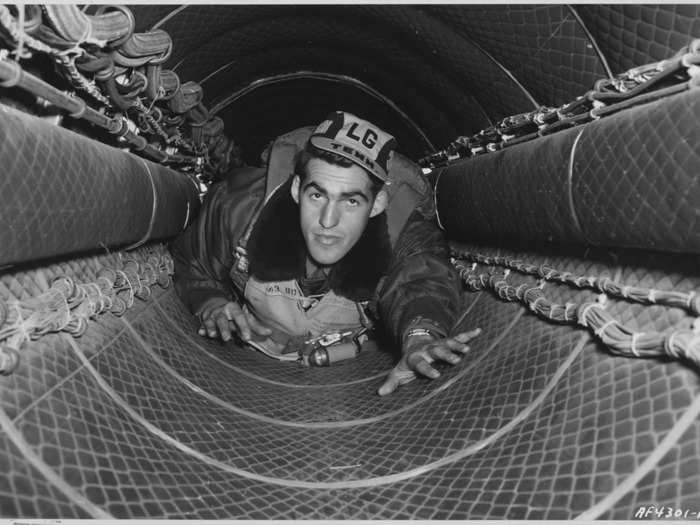 Only the front and back compartments were pressurized, meaning that the crew had to crawl over the bomb bay via a narrow 35-foot tunnel.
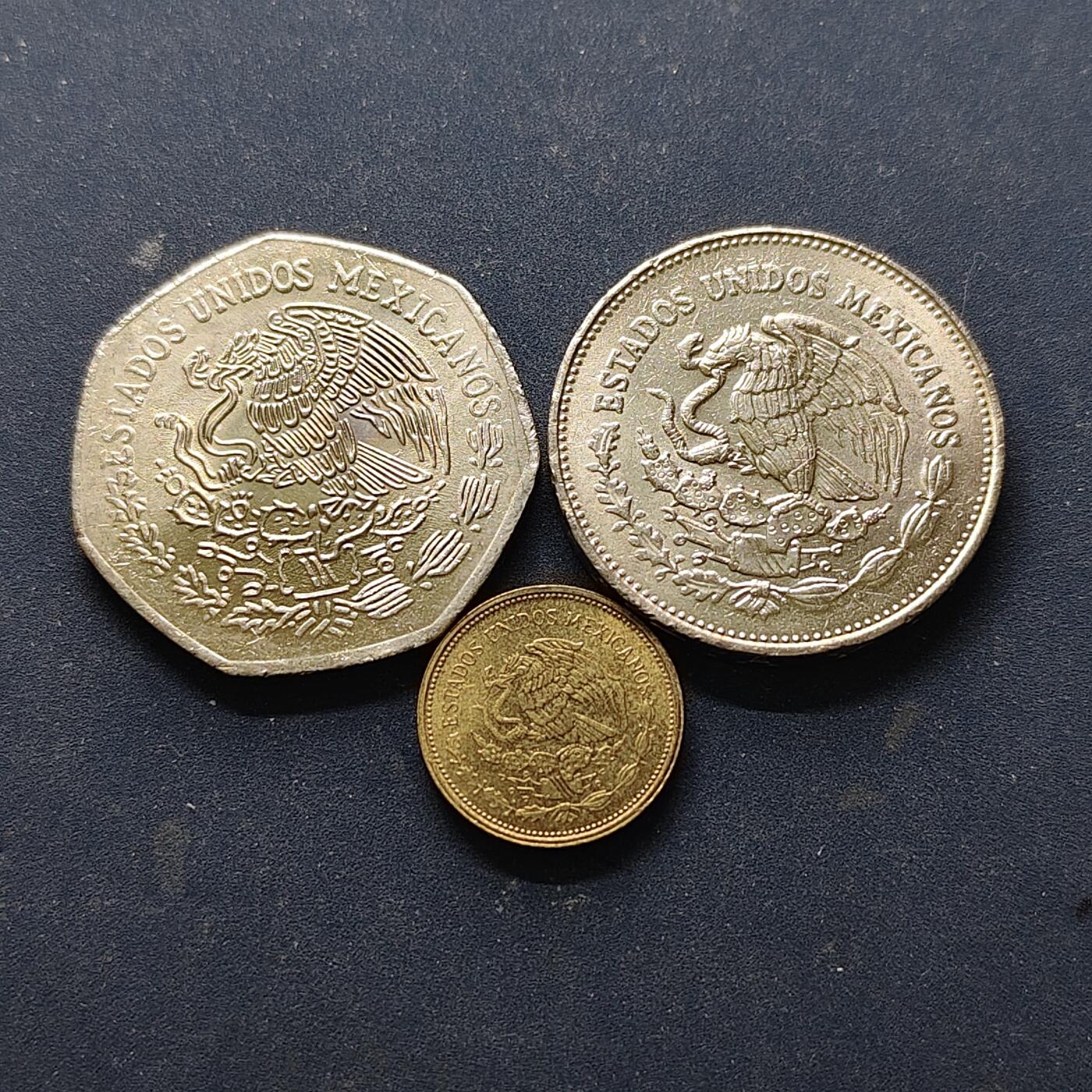 【全场包邮】纯粹捡漏拍514场 墨西哥1985年3枚一组-含独立175周年纪念币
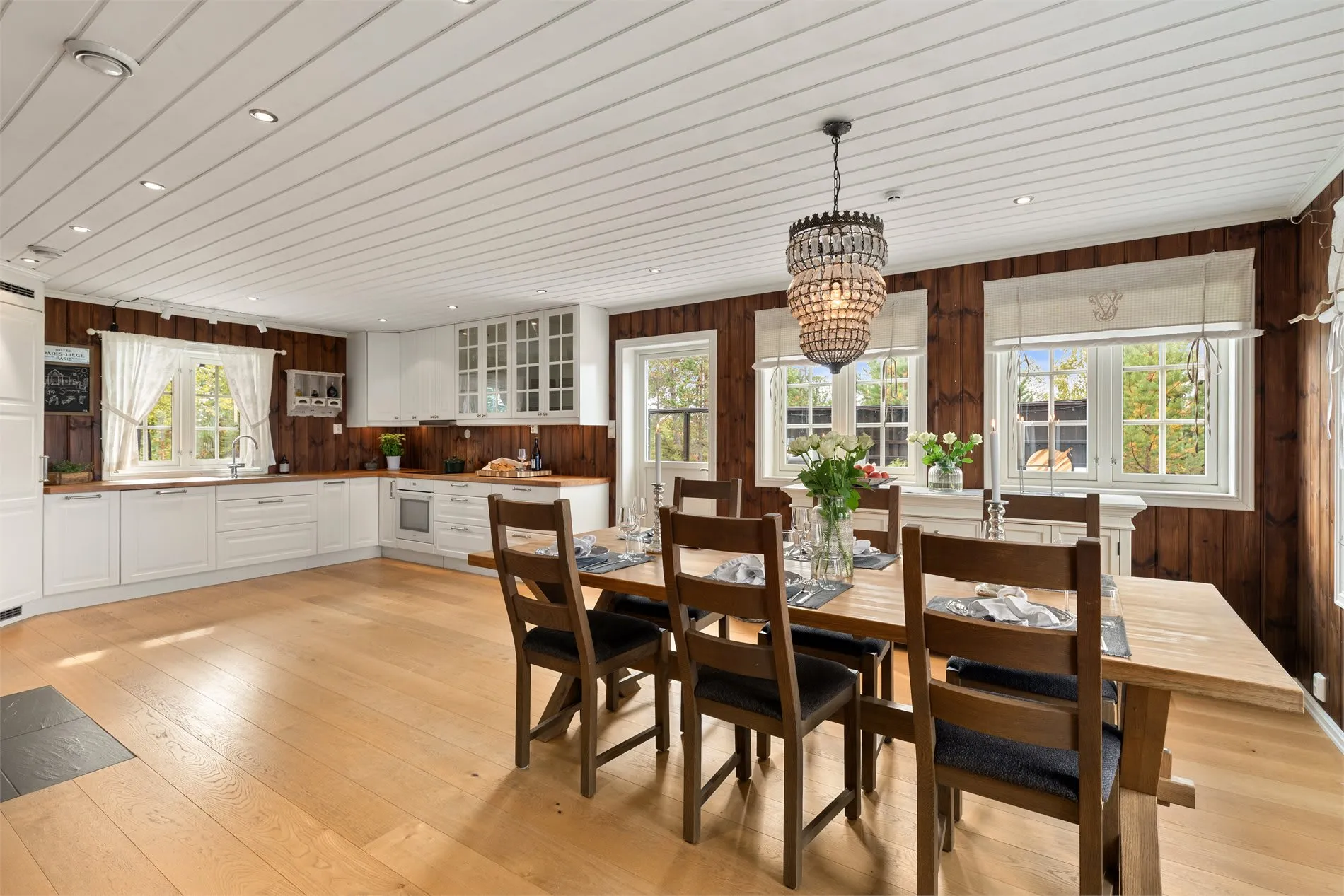 Moderne landsted med 6 soveværelser og stor terrasse i Krøderen, Norge - Vis billede 16 af 41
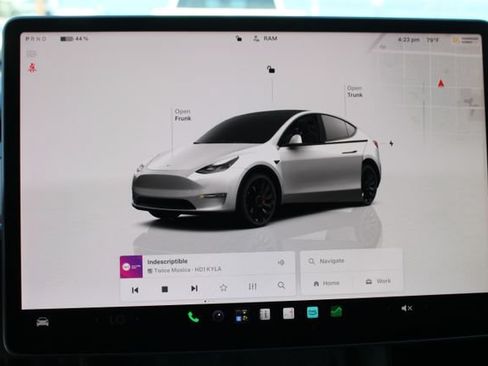 Used 2022 Tesla Model Y Performance AWD/4WD image 19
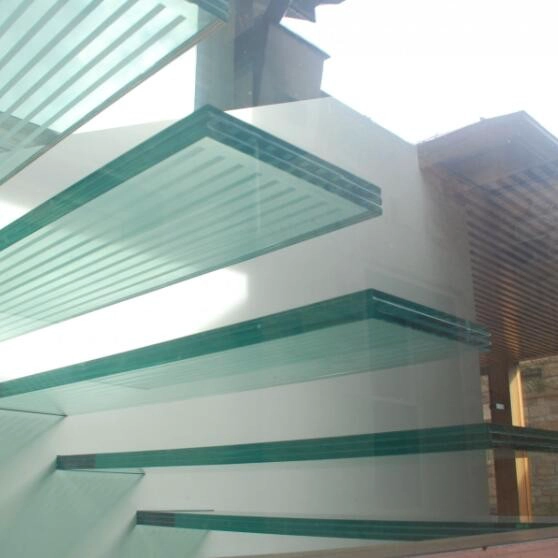 Plancher en verre haut de gamme 8 + 15 + 8 mm plancher de verre stratifié résistant au glissement de sécurité fabricant Chine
__________
#### Task to carry out:
Your copy should hold all the data word for word. It should hold no pictures.

#### Solution to the problem:
 Only the front and back compartments were pressurized, meaning that the crew had to crawl over the bomb bay via a narrow 35-foot tunnel.
 【全场包邮】纯粹捡漏拍514场 墨西哥1985年3枚一组-含独立175周年纪念币
 Moderne landsted med 6 soveværelser og stor terrasse i Krøderen, Norge - Vis billede 16 af 41
 Used 2022 Tesla Model Y Performance AWD/4WD image 19
 Plancher en verre haut de gamme 8 + 15 + 8 mm plancher de verre stratifié résistant au glissement de sécurité fabricant Chine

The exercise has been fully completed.